We can store results in dataFrame

In [0]:
df = spark.read.json("dbfs:/FileStore/module3/json2.json")
df.printSchema()
df.show()

In [0]:
# Read JSON file into dataframe
df = spark.read.format('org.apache.spark.sql.json') \
        .load("dbfs:/FileStore/module3/json2.json")

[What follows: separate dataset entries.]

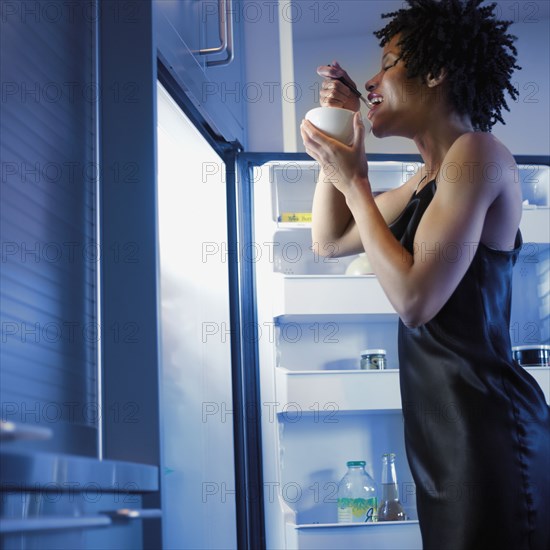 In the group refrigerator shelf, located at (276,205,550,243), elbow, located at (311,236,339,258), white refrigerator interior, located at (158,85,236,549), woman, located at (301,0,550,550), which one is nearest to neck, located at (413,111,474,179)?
woman, located at (301,0,550,550)

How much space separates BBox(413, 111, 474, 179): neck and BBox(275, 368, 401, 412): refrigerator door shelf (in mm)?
786

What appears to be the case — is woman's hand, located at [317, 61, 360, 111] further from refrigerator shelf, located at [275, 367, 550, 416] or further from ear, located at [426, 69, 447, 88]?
refrigerator shelf, located at [275, 367, 550, 416]

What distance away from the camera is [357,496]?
198 cm

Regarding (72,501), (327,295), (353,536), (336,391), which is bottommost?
(353,536)

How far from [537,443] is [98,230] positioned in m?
0.63

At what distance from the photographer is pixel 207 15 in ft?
6.04

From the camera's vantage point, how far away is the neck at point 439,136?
4.27 feet

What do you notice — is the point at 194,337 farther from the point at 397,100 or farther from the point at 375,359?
the point at 397,100

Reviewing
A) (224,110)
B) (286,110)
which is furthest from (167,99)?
(286,110)

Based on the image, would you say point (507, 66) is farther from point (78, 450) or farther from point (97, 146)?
point (78, 450)

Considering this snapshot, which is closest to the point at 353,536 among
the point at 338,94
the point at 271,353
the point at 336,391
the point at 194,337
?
the point at 336,391

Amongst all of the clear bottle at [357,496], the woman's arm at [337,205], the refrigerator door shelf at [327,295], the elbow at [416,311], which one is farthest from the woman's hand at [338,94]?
the clear bottle at [357,496]

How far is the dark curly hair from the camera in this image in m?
1.31

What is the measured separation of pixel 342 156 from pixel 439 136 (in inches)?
6.0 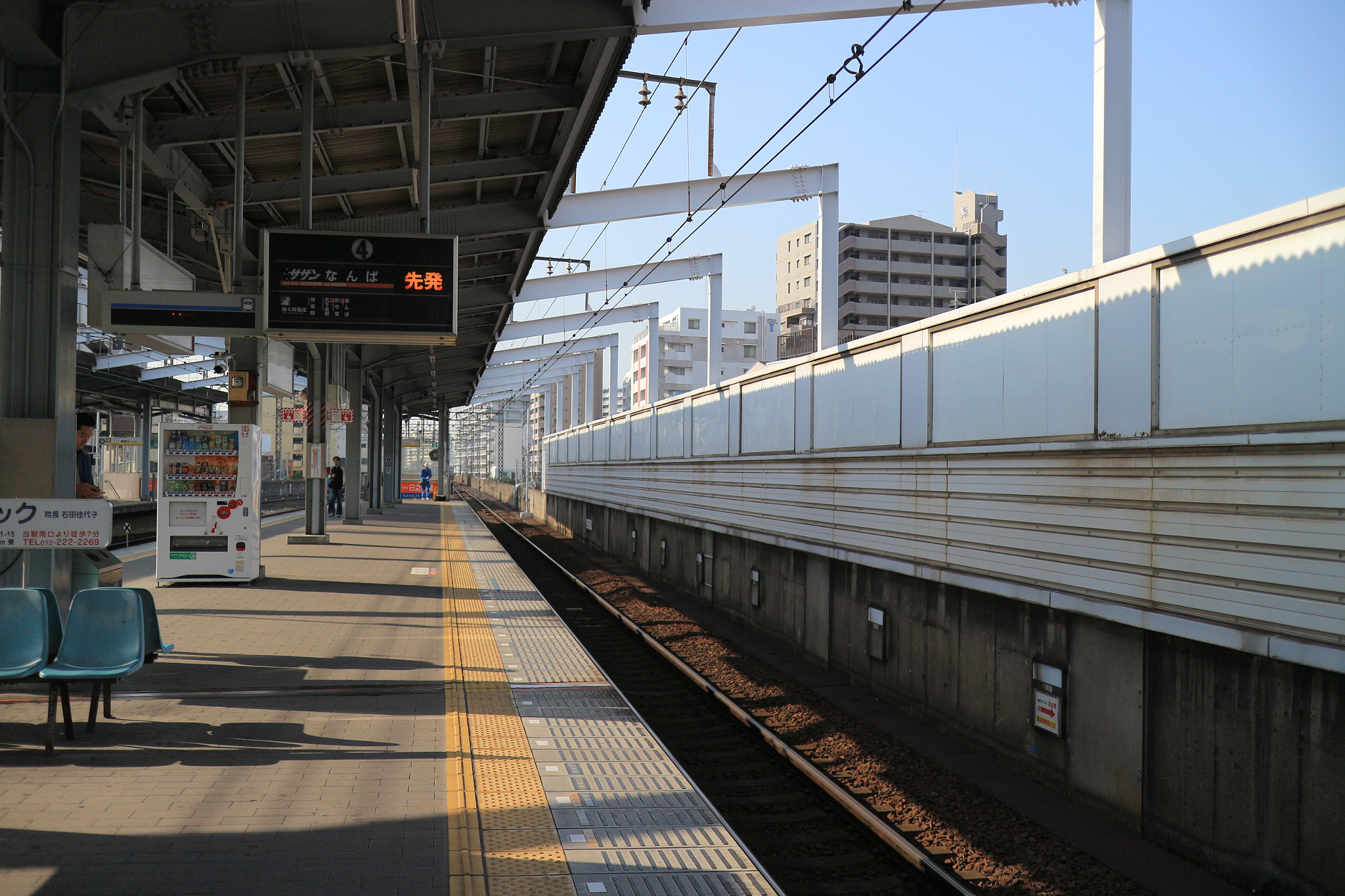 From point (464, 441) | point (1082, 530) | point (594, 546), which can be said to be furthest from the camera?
point (464, 441)

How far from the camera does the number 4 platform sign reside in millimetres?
6977

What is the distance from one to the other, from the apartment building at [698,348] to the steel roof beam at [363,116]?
63.5 meters

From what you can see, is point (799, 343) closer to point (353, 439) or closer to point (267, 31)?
point (353, 439)

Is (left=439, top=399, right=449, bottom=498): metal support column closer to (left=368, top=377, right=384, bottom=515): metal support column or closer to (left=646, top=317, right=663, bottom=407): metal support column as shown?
(left=368, top=377, right=384, bottom=515): metal support column

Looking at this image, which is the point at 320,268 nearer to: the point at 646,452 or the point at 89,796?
the point at 89,796

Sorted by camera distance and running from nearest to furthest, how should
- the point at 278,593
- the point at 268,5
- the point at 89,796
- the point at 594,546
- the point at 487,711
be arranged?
1. the point at 89,796
2. the point at 487,711
3. the point at 268,5
4. the point at 278,593
5. the point at 594,546

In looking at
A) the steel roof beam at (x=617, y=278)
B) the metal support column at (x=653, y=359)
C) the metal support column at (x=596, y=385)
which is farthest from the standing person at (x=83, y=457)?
the metal support column at (x=596, y=385)

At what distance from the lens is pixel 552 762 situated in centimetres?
611

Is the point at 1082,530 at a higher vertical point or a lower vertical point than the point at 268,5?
lower

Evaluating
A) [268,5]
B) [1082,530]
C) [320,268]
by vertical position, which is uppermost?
[268,5]

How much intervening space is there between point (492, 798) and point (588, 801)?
0.52 metres

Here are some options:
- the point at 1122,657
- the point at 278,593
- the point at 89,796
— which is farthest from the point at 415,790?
the point at 278,593

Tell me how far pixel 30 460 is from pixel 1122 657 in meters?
8.03

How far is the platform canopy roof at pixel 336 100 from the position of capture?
8.23 metres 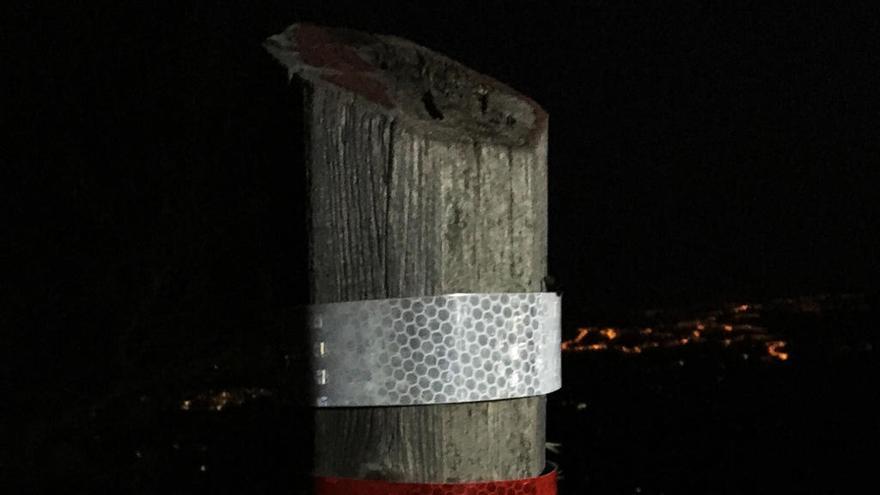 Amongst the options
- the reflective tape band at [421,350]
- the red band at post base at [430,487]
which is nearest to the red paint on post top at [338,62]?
the reflective tape band at [421,350]

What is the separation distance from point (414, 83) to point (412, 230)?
21 cm

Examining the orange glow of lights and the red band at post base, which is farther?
the orange glow of lights

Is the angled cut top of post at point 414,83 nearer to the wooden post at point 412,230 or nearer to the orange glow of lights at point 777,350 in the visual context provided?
the wooden post at point 412,230

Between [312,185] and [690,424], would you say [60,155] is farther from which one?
[690,424]

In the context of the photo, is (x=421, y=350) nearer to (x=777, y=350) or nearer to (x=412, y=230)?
(x=412, y=230)

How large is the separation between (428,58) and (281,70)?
9.2 inches

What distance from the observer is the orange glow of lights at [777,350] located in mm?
11028

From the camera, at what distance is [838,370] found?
10.3 m

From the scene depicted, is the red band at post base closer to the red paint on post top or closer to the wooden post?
the wooden post

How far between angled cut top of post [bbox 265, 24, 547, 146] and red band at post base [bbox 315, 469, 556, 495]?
36cm

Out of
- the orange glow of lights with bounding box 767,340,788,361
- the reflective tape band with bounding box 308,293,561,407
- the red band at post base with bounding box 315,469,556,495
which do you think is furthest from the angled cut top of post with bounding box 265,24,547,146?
the orange glow of lights with bounding box 767,340,788,361

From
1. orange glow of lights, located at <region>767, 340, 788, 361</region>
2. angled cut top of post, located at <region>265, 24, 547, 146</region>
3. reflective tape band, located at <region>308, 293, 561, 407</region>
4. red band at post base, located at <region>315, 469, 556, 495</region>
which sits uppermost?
angled cut top of post, located at <region>265, 24, 547, 146</region>

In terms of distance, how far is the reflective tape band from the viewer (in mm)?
870

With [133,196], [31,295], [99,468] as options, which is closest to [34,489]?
[99,468] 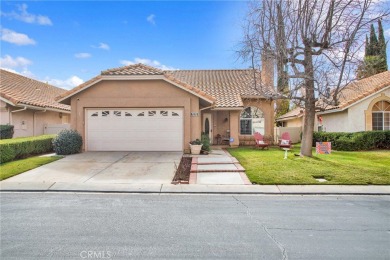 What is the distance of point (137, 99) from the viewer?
48.1ft

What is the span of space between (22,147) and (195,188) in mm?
9405

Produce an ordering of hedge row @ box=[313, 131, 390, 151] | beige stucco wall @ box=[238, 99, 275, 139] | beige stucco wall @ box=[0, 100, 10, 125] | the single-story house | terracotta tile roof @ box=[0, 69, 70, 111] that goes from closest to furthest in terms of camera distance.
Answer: beige stucco wall @ box=[0, 100, 10, 125] < terracotta tile roof @ box=[0, 69, 70, 111] < hedge row @ box=[313, 131, 390, 151] < beige stucco wall @ box=[238, 99, 275, 139] < the single-story house

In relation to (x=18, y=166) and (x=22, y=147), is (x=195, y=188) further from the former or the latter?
(x=22, y=147)

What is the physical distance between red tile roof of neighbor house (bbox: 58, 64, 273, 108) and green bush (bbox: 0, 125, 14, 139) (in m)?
4.02

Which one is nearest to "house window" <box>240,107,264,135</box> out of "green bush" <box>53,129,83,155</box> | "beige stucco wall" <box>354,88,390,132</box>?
"beige stucco wall" <box>354,88,390,132</box>

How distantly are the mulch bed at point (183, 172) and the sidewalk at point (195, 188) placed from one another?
54 centimetres

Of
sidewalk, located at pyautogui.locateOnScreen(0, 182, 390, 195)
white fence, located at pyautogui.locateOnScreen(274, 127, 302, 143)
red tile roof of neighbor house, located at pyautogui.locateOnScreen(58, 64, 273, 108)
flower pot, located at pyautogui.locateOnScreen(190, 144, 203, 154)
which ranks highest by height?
red tile roof of neighbor house, located at pyautogui.locateOnScreen(58, 64, 273, 108)

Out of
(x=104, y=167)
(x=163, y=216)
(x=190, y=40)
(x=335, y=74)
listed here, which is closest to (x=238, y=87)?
(x=190, y=40)

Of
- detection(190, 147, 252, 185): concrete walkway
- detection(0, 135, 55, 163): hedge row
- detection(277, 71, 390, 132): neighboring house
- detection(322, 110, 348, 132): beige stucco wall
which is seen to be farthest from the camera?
detection(322, 110, 348, 132): beige stucco wall

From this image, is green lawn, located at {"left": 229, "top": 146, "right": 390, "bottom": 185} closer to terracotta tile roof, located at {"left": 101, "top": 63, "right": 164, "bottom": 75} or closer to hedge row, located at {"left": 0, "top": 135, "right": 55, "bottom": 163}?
terracotta tile roof, located at {"left": 101, "top": 63, "right": 164, "bottom": 75}

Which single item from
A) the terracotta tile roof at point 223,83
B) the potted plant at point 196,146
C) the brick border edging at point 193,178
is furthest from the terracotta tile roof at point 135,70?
the brick border edging at point 193,178

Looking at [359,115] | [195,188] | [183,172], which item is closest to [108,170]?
[183,172]

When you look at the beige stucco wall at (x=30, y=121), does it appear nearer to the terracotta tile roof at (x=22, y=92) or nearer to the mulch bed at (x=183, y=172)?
the terracotta tile roof at (x=22, y=92)

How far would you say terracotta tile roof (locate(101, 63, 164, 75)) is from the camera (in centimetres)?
1432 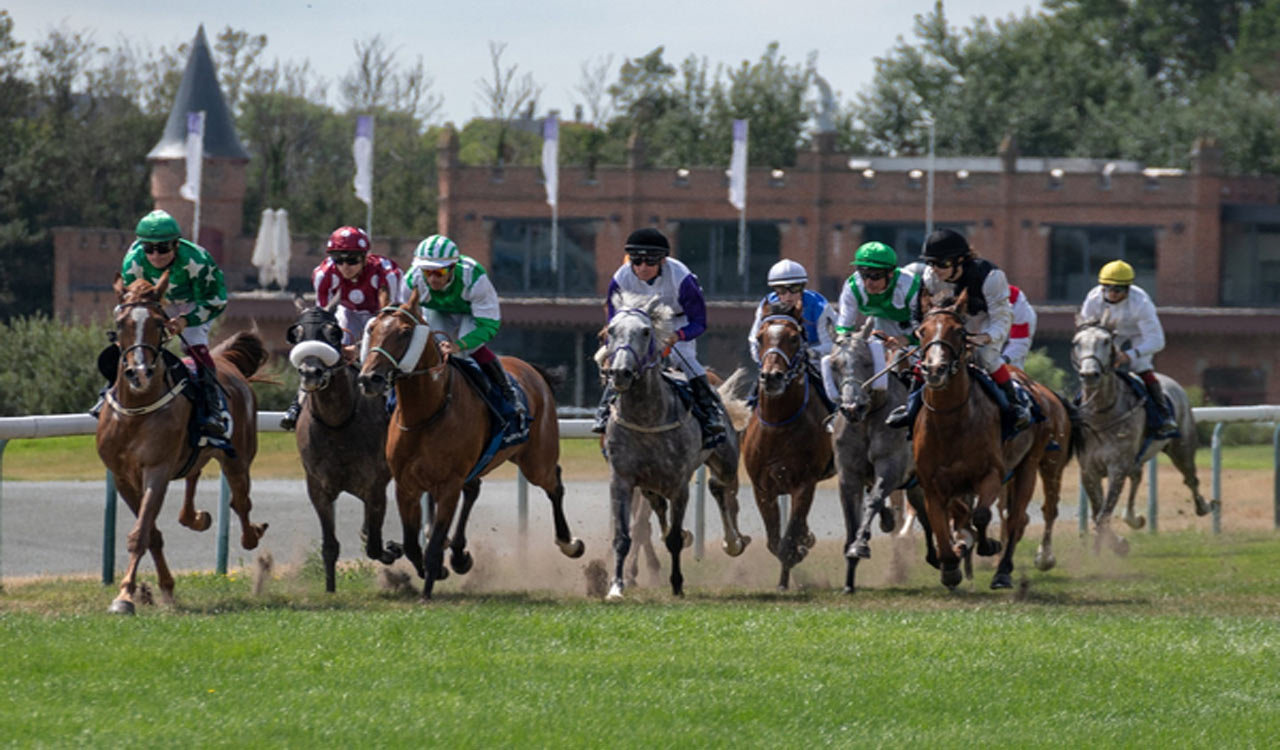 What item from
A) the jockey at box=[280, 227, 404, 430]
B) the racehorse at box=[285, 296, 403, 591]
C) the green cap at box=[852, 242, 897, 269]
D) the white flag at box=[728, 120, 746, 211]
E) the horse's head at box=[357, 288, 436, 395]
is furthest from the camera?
the white flag at box=[728, 120, 746, 211]

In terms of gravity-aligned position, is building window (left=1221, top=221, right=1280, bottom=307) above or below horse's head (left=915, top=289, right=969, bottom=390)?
above

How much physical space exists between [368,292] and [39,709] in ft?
18.8

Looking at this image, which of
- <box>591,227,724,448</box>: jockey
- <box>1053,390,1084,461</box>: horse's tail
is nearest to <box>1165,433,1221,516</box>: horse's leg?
<box>1053,390,1084,461</box>: horse's tail

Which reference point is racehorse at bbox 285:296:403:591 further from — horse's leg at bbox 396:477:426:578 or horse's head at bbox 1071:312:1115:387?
horse's head at bbox 1071:312:1115:387

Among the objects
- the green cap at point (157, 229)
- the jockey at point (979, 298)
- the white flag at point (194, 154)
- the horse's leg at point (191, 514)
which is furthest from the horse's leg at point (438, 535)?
the white flag at point (194, 154)

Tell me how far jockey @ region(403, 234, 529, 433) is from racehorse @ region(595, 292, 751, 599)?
2.46 feet

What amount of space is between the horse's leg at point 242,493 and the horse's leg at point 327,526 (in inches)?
16.6

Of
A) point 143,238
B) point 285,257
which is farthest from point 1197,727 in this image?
point 285,257

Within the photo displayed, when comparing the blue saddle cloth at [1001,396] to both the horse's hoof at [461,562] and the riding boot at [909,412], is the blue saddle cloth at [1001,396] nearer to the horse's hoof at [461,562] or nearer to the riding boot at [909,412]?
the riding boot at [909,412]

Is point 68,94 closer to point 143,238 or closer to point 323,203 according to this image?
point 323,203

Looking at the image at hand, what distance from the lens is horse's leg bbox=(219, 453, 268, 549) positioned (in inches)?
483

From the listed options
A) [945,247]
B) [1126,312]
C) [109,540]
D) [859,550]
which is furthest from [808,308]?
[109,540]

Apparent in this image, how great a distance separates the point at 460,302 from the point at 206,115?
168 ft

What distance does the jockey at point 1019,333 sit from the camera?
1383 centimetres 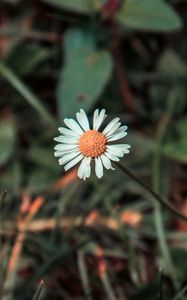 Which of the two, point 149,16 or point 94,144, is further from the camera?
point 149,16

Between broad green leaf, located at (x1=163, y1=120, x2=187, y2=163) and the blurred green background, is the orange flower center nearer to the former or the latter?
the blurred green background

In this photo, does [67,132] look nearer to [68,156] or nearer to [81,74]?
[68,156]

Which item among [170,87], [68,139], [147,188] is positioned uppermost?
[170,87]

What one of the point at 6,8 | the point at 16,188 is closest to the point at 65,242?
the point at 16,188

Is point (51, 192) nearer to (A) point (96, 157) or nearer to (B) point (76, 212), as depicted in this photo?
(B) point (76, 212)

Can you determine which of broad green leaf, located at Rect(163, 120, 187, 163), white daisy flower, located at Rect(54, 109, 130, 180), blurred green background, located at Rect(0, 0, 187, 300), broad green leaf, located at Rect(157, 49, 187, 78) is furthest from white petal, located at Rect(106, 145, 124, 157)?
broad green leaf, located at Rect(157, 49, 187, 78)

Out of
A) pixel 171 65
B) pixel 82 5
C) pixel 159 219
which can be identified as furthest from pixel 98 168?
pixel 171 65

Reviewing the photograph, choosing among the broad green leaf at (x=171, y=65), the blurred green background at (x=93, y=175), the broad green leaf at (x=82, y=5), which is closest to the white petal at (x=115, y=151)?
the blurred green background at (x=93, y=175) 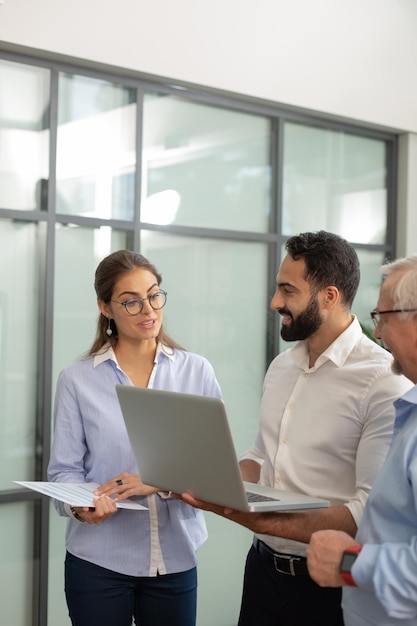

But we want to enforce schema to get correct import values; let's repeat for `json1.json` file

In [0]:
from pyspark.sql.types import StructType,StructField,StringType,IntegerType,BooleanType,DoubleType

In [0]:
mojaShemica = StructType([
  StructField("a", IntegerType(), True),
  StructField("b", IntegerType(), True)])

In [0]:
spark.read.schema(mojaShemica).json("dbfs:/FileStore/module3/json1.json").show()

In [0]:
spark.read.json("dbfs:/FileStore/module3/json1.json").printSchema()

## Playing with data
Now let's create a more "interesting" JSON file

In [0]:
[{
  "RecordNumber": 2,
  "Zipcode": 1000,
  "ZipCodeType": "STANDARD",
  "City": "Ljubljana",
   "State":"SI"
},
{
  "RecordNumber": 10,
  "Zipcode": 3000,
  "ZipCodeType": "STANDARD",
  "City": "Celje",
   "State":"SI"
 },
{
  "RecordNumber": 32,
  "Zipcode": 100,
  "ZipCodeType": "STANDARD",
  "City": "Ljubljana",
   "State":"SI", 
   "Country":"Slovenia",
   "Lat":"46.0569",
   "Long":"14.5058"
 }]

In [0]:
# Read multiline json file
multiline_df = spark.read.option("multiline","true") \
      .json("dbfs:/FileStore/module3/json3.json")
multiline_df.show() 

Now let's read multiple files in this folder

In [0]:
# Read multiple files as listed names
df = spark.read.option("multiline","true").json(
    ['dbfs:/FileStore/module3/json3.json','dbfs:/FileStore/module3/json4_corrupt.json'])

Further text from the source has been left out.